**THE PROBLEM:** Write out every record again, exactly.

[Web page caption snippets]
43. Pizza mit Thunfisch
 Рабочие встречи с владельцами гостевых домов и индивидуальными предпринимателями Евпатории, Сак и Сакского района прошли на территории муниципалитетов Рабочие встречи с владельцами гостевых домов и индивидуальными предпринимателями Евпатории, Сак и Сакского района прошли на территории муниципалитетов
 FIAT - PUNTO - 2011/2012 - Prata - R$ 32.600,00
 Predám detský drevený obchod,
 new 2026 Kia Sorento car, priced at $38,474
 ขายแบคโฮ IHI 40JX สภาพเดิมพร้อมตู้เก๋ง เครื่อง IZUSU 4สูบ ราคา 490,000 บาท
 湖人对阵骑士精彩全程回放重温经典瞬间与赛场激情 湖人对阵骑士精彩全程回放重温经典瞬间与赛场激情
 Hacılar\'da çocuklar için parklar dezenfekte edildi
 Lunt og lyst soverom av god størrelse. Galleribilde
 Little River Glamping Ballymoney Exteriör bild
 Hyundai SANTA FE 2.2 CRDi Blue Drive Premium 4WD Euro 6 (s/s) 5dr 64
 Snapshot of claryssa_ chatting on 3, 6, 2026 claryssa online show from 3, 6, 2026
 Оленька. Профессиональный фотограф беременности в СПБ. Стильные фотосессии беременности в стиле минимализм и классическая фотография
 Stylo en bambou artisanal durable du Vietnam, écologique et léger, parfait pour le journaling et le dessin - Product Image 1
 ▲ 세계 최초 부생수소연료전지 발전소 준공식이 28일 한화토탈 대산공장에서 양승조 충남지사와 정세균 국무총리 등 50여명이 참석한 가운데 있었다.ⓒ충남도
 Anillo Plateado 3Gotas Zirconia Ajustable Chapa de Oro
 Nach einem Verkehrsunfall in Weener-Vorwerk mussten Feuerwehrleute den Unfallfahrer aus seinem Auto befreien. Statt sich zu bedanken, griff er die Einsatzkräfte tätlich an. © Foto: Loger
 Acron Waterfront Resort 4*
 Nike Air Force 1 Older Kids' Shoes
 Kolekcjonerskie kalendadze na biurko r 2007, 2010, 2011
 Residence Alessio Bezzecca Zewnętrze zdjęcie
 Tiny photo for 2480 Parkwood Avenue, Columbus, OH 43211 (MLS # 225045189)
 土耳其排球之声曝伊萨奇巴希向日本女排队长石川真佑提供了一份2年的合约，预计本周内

**WRITTEN SOLUTION:**
43. Pizza mit Thunfisch
 Рабочие встречи с владельцами гостевых домов и индивидуальными предпринимателями Евпатории, Сак и Сакского района прошли на территории муниципалитетов Рабочие встречи с владельцами гостевых домов и индивидуальными предпринимателями Евпатории, Сак и Сакского района прошли на территории муниципалитетов
 FIAT - PUNTO - 2011/2012 - Prata - R$ 32.600,00
 Predám detský drevený obchod,
 new 2026 Kia Sorento car, priced at $38,474
 ขายแบคโฮ IHI 40JX สภาพเดิมพร้อมตู้เก๋ง เครื่อง IZUSU 4สูบ ราคา 490,000 บาท
 湖人对阵骑士精彩全程回放重温经典瞬间与赛场激情 湖人对阵骑士精彩全程回放重温经典瞬间与赛场激情
 Hacılar\'da çocuklar için parklar dezenfekte edildi
 Lunt og lyst soverom av god størrelse. Galleribilde
 Little River Glamping Ballymoney Exteriör bild
 Hyundai SANTA FE 2.2 CRDi Blue Drive Premium 4WD Euro 6 (s/s) 5dr 64
 Snapshot of claryssa_ chatting on 3, 6, 2026 claryssa online show from 3, 6, 2026
 Оленька. Профессиональный фотограф беременности в СПБ. Стильные фотосессии беременности в стиле минимализм и классическая фотография
 Stylo en bambou artisanal durable du Vietnam, écologique et léger, parfait pour le journaling et le dessin - Product Image 1
 ▲ 세계 최초 부생수소연료전지 발전소 준공식이 28일 한화토탈 대산공장에서 양승조 충남지사와 정세균 국무총리 등 50여명이 참석한 가운데 있었다.ⓒ충남도
 Anillo Plateado 3Gotas Zirconia Ajustable Chapa de Oro
 Nach einem Verkehrsunfall in Weener-Vorwerk mussten Feuerwehrleute den Unfallfahrer aus seinem Auto befreien. Statt sich zu bedanken, griff er die Einsatzkräfte tätlich an. © Foto: Loger
 Acron Waterfront Resort 4*
 Nike Air Force 1 Older Kids' Shoes
 Kolekcjonerskie kalendadze na biurko r 2007, 2010, 2011
 Residence Alessio Bezzecca Zewnętrze zdjęcie
 Tiny photo for 2480 Parkwood Avenue, Columbus, OH 43211 (MLS # 225045189)
 土耳其排球之声曝伊萨奇巴希向日本女排队长石川真佑提供了一份2年的合约，预计本周内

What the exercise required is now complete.